Try it –
Find the line with "Haberdines Schriftart Groß" in the records below. Output exactly from there until after the line with "Silla de oficina", without pictures.

Source information –
..............................

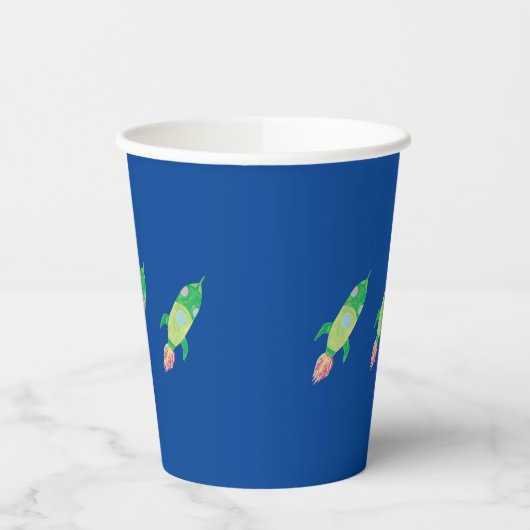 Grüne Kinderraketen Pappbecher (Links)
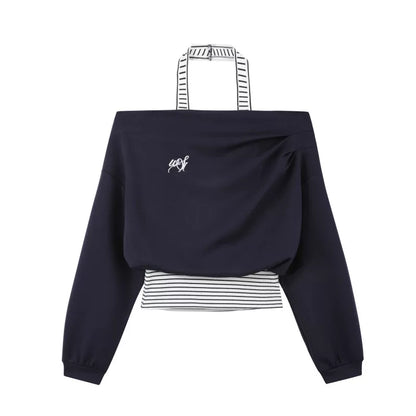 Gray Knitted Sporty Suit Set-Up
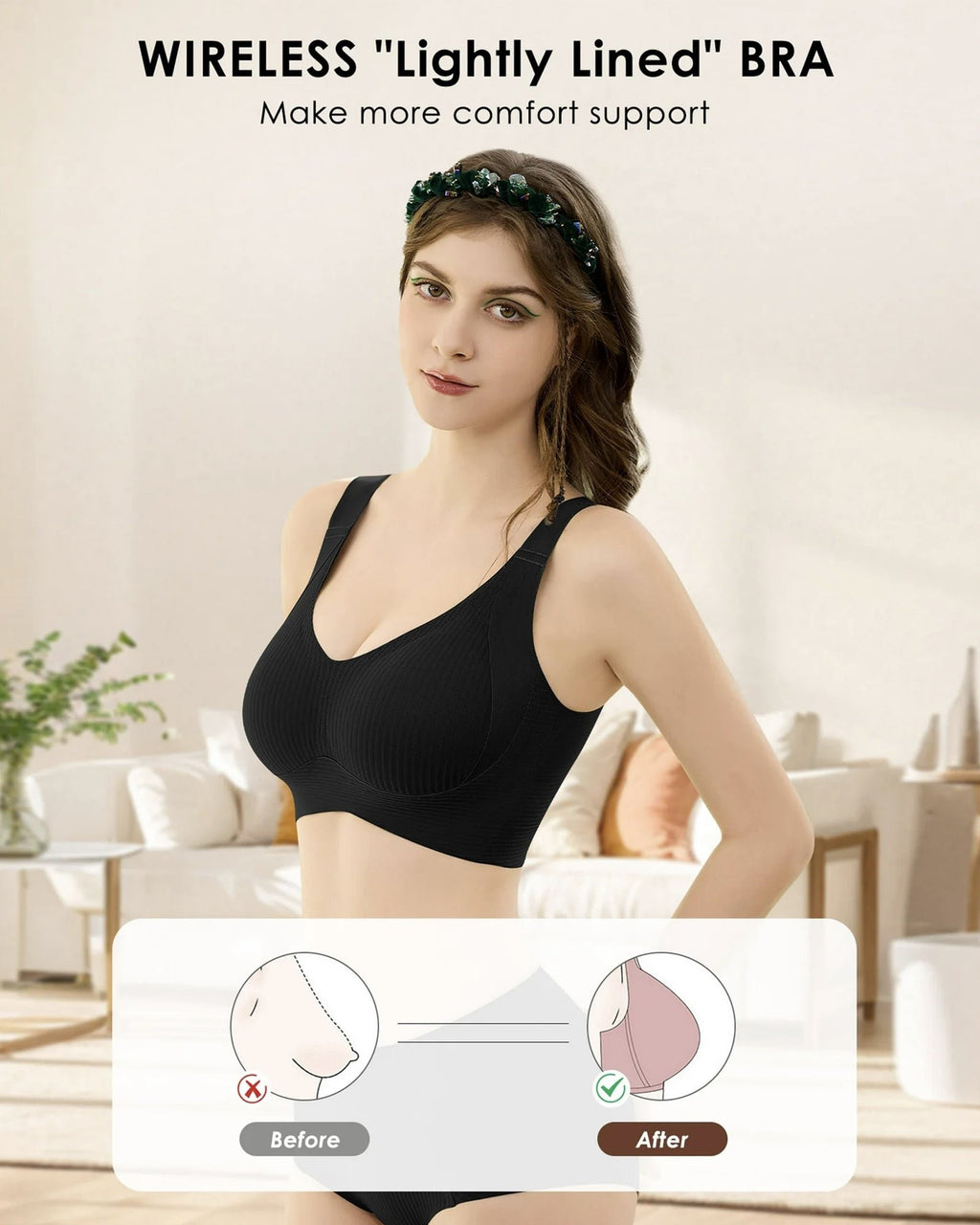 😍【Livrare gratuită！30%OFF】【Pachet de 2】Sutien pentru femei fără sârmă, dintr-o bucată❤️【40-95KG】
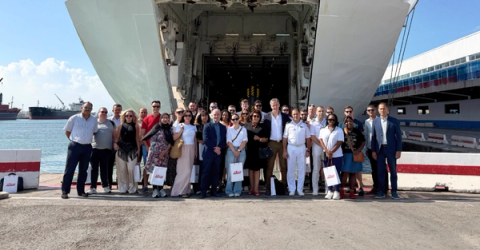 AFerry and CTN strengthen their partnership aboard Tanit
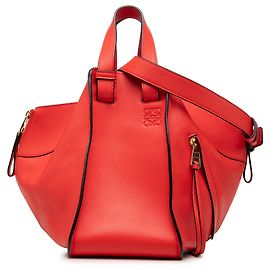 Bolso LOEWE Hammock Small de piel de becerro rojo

..............................

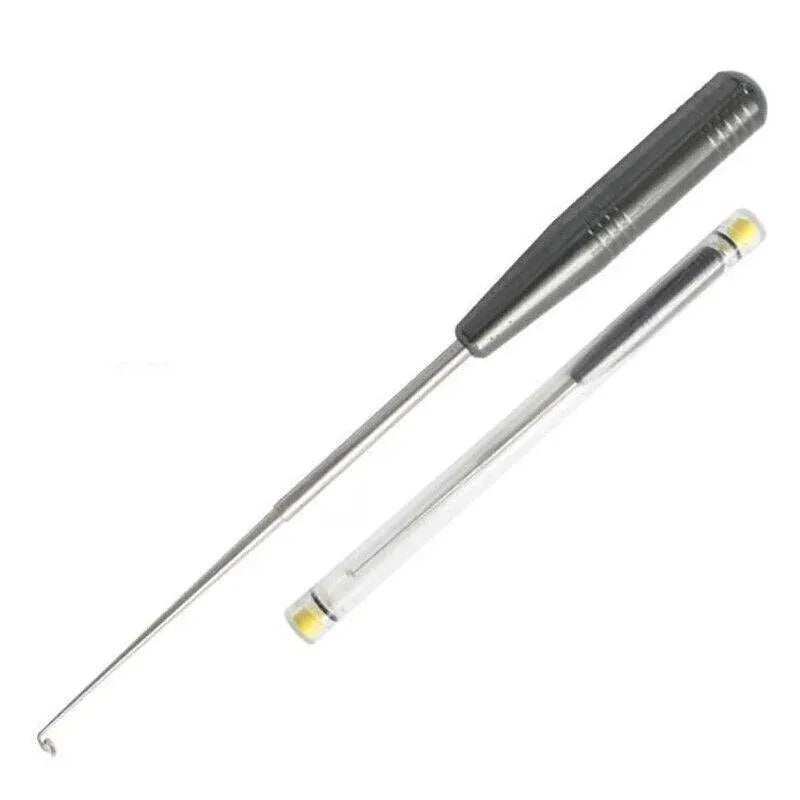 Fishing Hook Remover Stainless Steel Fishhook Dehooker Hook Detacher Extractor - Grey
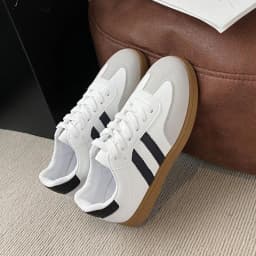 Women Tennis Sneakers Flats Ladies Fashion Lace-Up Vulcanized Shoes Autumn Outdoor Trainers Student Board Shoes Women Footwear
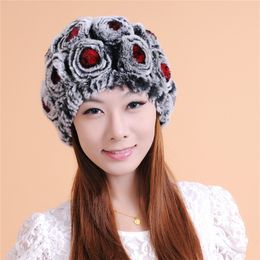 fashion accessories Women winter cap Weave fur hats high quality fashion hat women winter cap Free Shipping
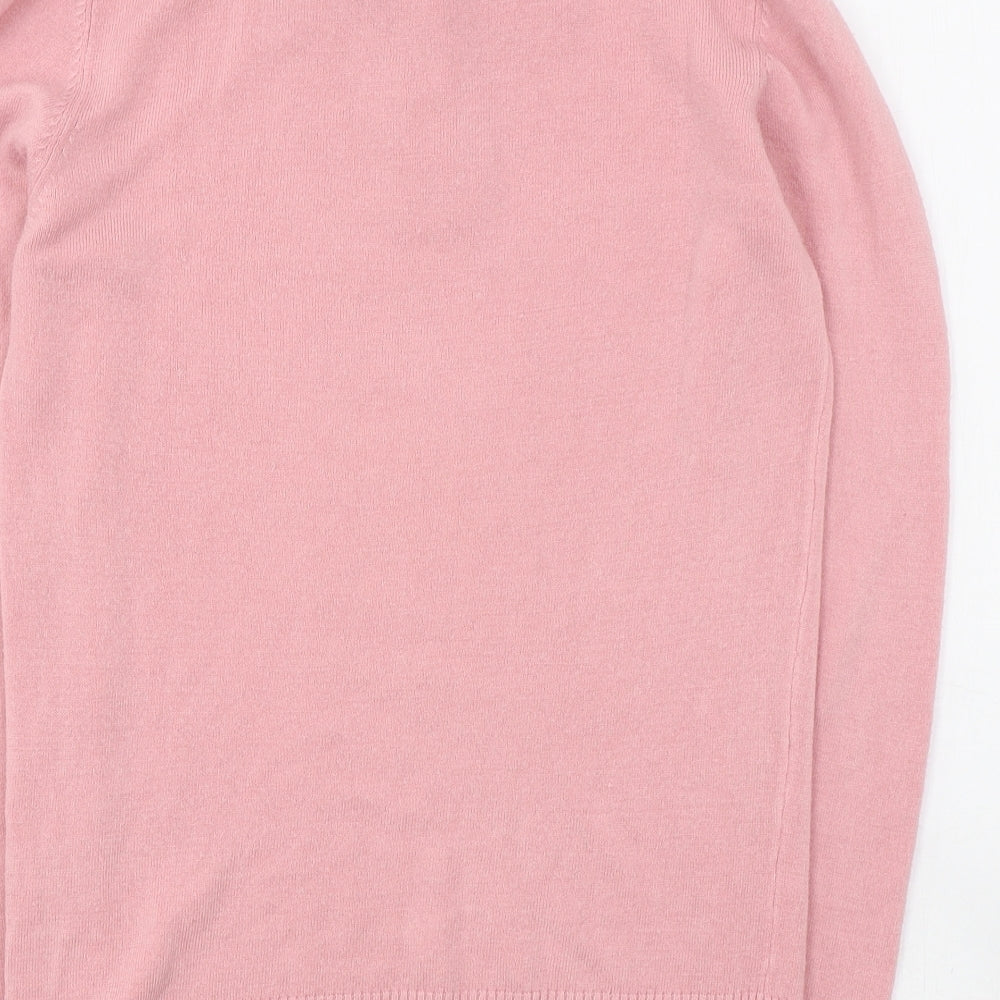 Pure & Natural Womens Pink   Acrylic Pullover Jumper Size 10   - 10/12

..............................

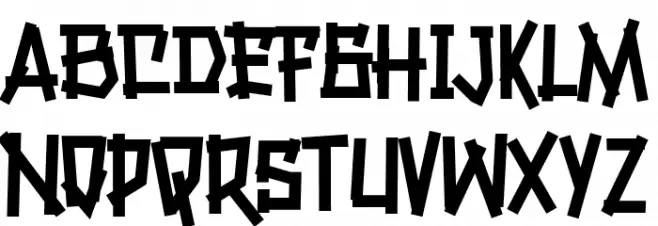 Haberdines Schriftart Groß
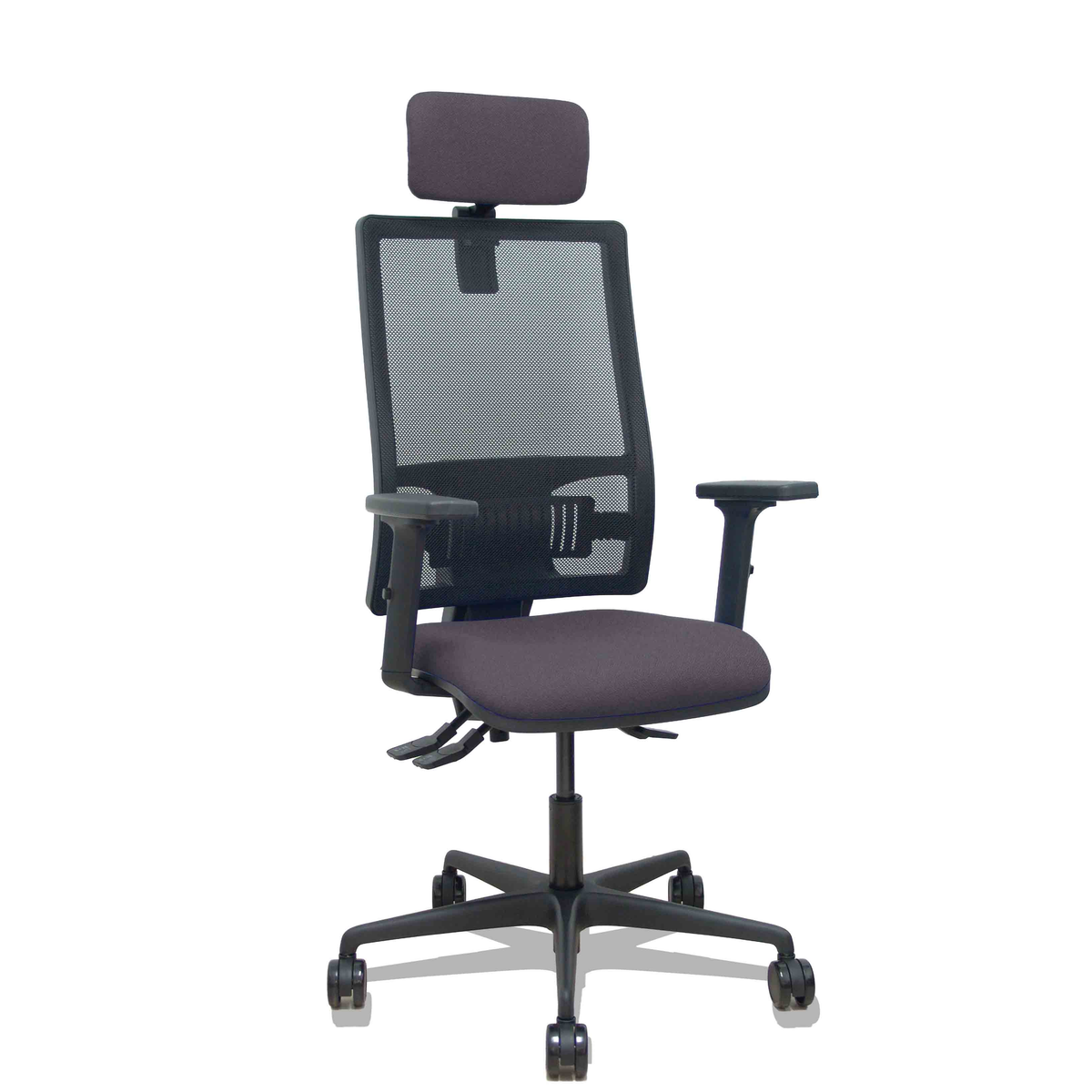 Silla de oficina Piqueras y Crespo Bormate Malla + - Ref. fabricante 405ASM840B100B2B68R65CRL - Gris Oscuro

..............................

Exercise answer –
 Haberdines Schriftart Groß
 Silla de oficina Piqueras y Crespo Bormate Malla + - Ref. fabricante 405ASM840B100B2B68R65CRL - Gris Oscuro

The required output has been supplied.